### Dataset entries
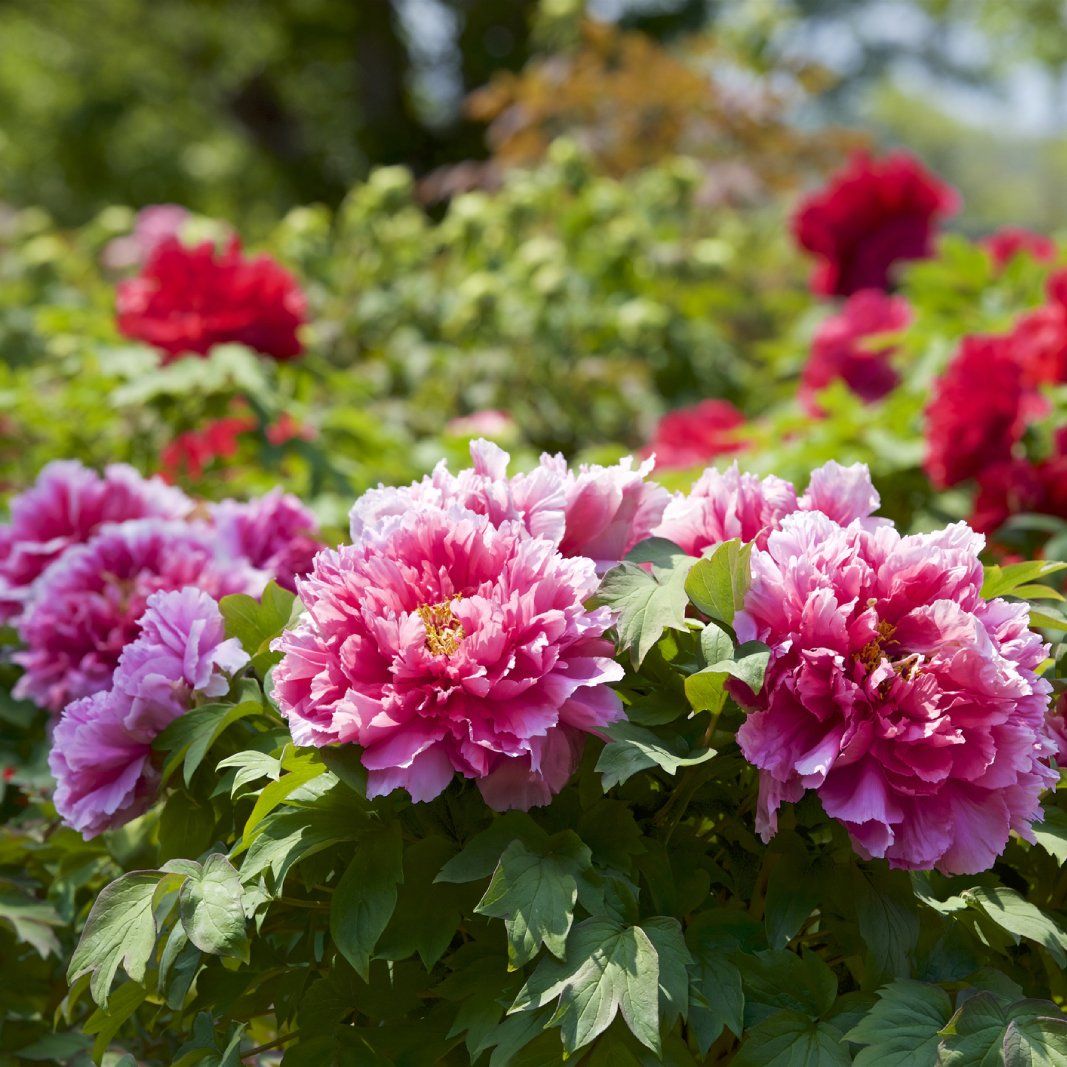 Common Types Of Peonies Every Gardener Should Know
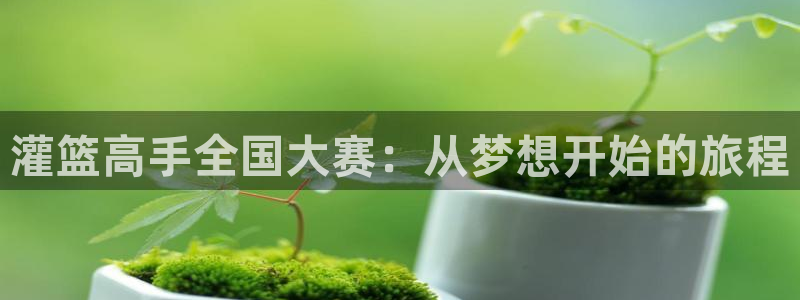 奇漫屋免费漫：灌篮高手全国大赛：从梦想开始的旅程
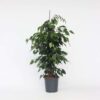 Ficus Benjamina 'Danielle' – Image 7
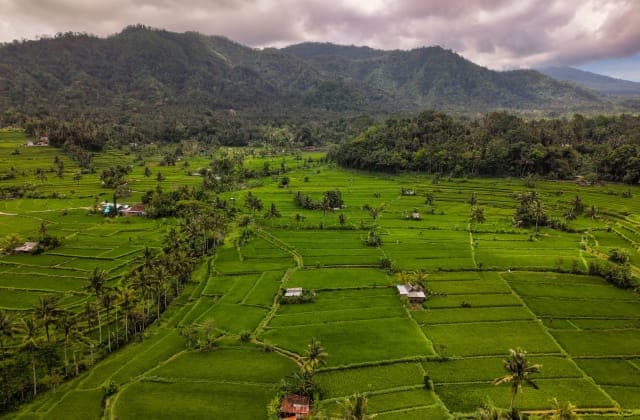 Ubud - destination - Gopedia
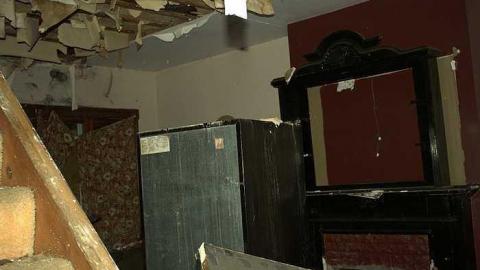 squatters paradise  - IMG_4068.jpg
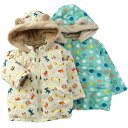 【送料無料】【50%OFF SALE アウトレットセール】Piccolo (ピッコロ ) ブルゾン (80~95cm) 男の子 80cm 90cm 95cm キムラタン 子供服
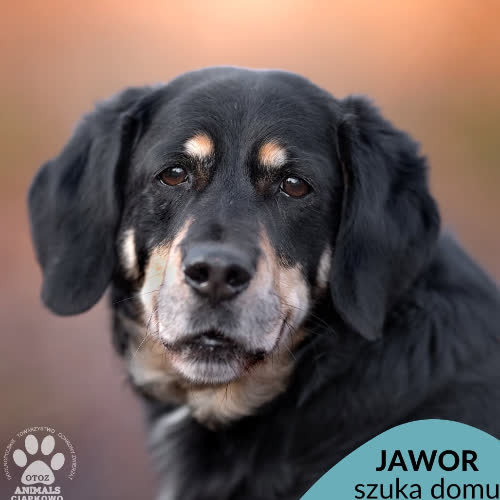 Jawor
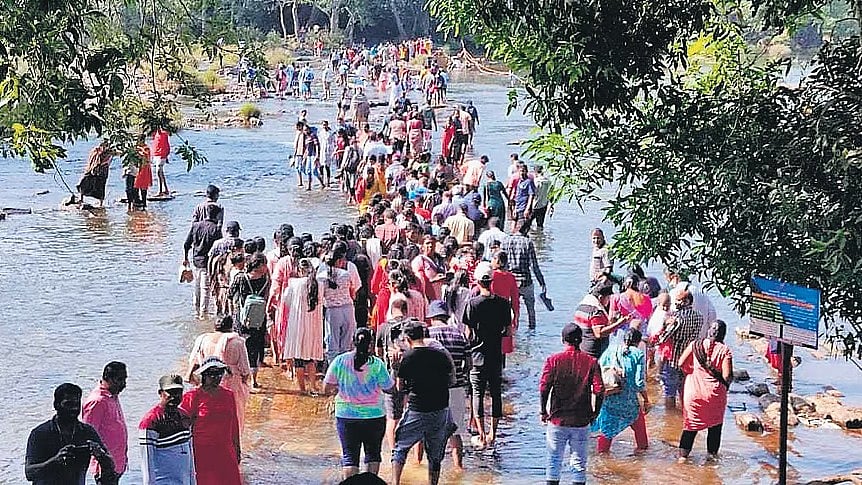ಸಾಕಾನೆ ಕಾದಾಟದಲ್ಲಿ ಸಿಲುಕಿ ಮಹಿಳೆ ಸಾವು: ಪ್ರವಾಸಿಗರಿಗೆ ದುಬಾರೆ ಕ್ಯಾಂಪ್ ನಿರ್ಬಂಧ!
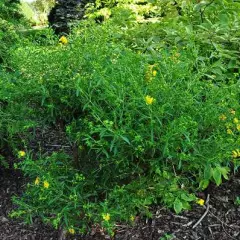 HYPERICUM  'Buttercup' - Millepertuis 'Buttercup'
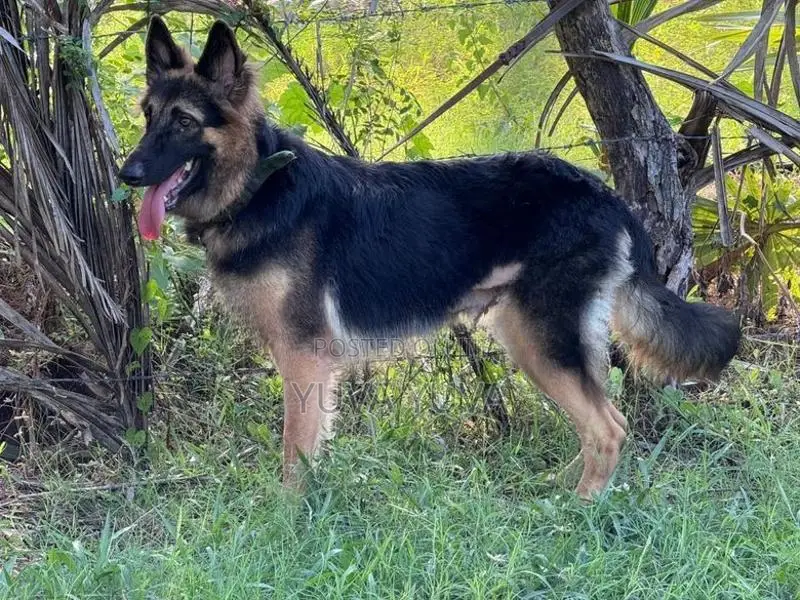 German Shepherd Female Dog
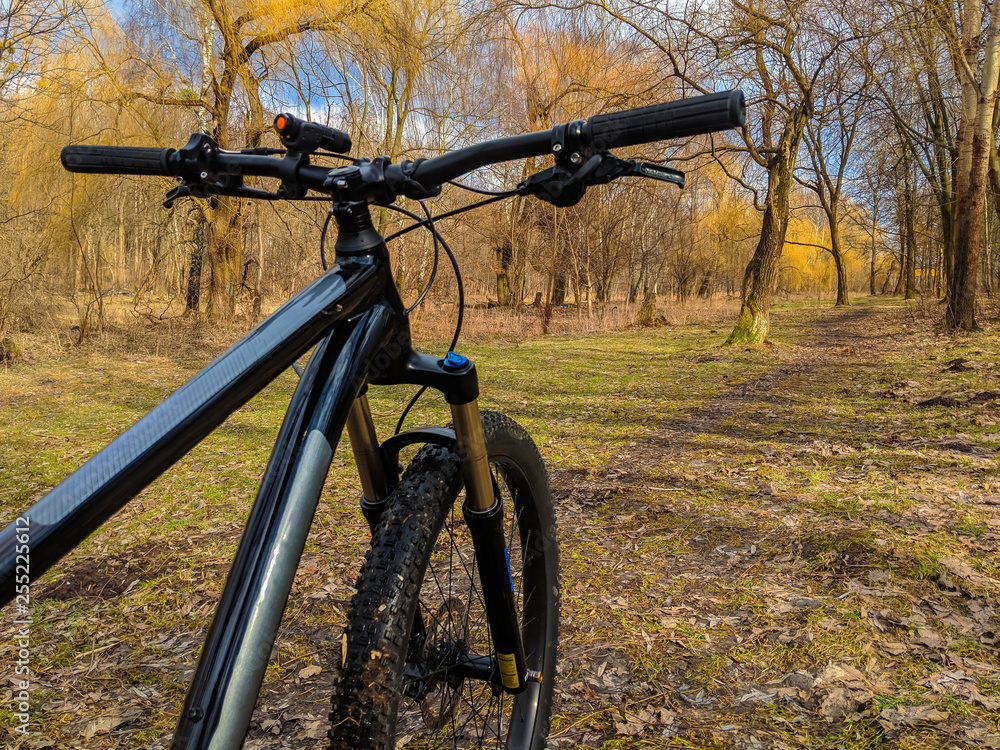Naklejka premium MTB bicycle on the trail in the spring season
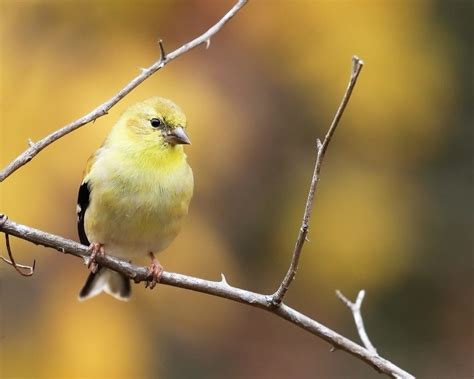 Goldfinch in Winter - FeederWatch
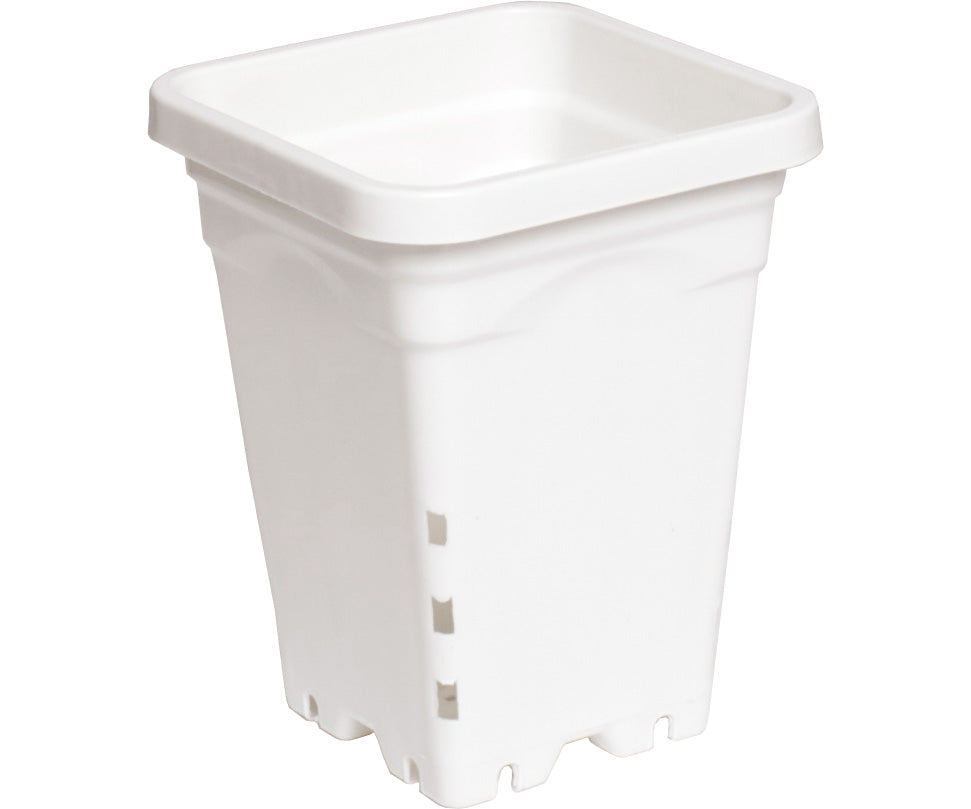 Active Aqua 5" x 7" Square White Pot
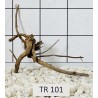 Spiderwood 101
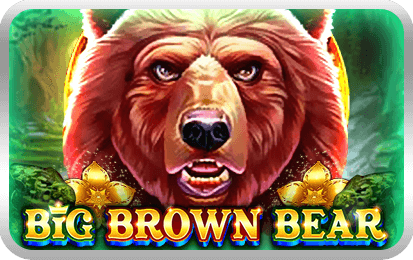 Big Brown Bear-icon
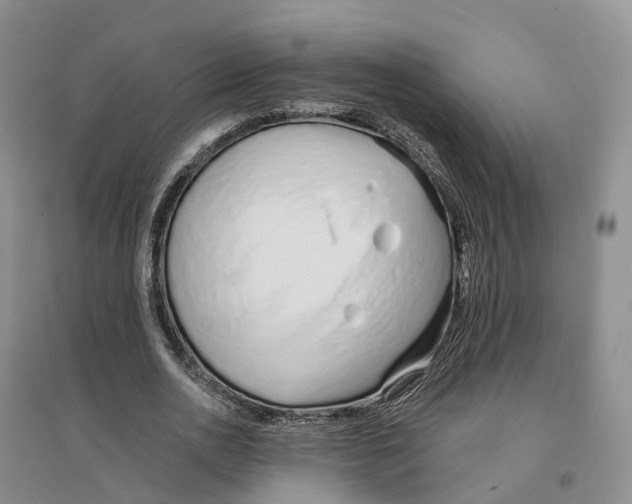 X0000096710726200802261628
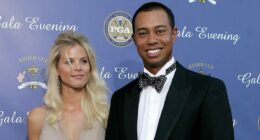 Why Woods' ex-wife Elin Nordegren is 'concerned' after DUI arrest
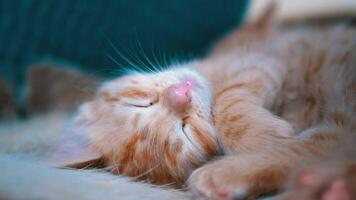 Cute red kitten sleeping in the couch 4k Background video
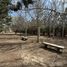 6 Bedroom House for sale in Biedma, Chubut, Biedma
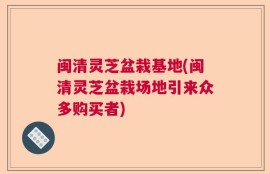 闽清灵芝盆栽基地(闽清灵芝盆栽场地引来众多购买者)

### Instructions for the task
From the records above, transcribe exactly the lines starting at the one containing "Square White Pot" and ending at the one containing "Cute red kitten". Skip the pictures.

### Output for this exercise
 Active Aqua 5" x 7" Square White Pot
 Spiderwood 101
 Big Brown Bear-icon
 X0000096710726200802261628
 Why Woods' ex-wife Elin Nordegren is 'concerned' after DUI arrest
 Cute red kitten sleeping in the couch 4k Background video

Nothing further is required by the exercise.